◆ Records provided
○ ○ ○

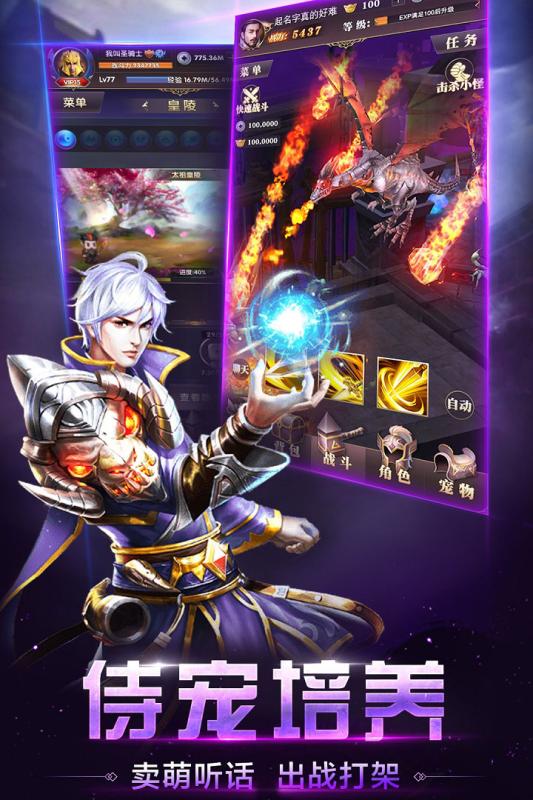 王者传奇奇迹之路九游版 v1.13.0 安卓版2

○ ○ ○

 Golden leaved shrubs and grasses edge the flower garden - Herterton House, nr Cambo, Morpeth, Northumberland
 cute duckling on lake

○ ○ ○

◆ Instructions for the task
Keep both end lines and retype everything in the records above from the line containing "Golden leaved shrubs" through the line containing "cute duckling on lake", exactly, with nothing else.

◆ Task output
 Golden leaved shrubs and grasses edge the flower garden - Herterton House, nr Cambo, Morpeth, Northumberland
 cute duckling on lake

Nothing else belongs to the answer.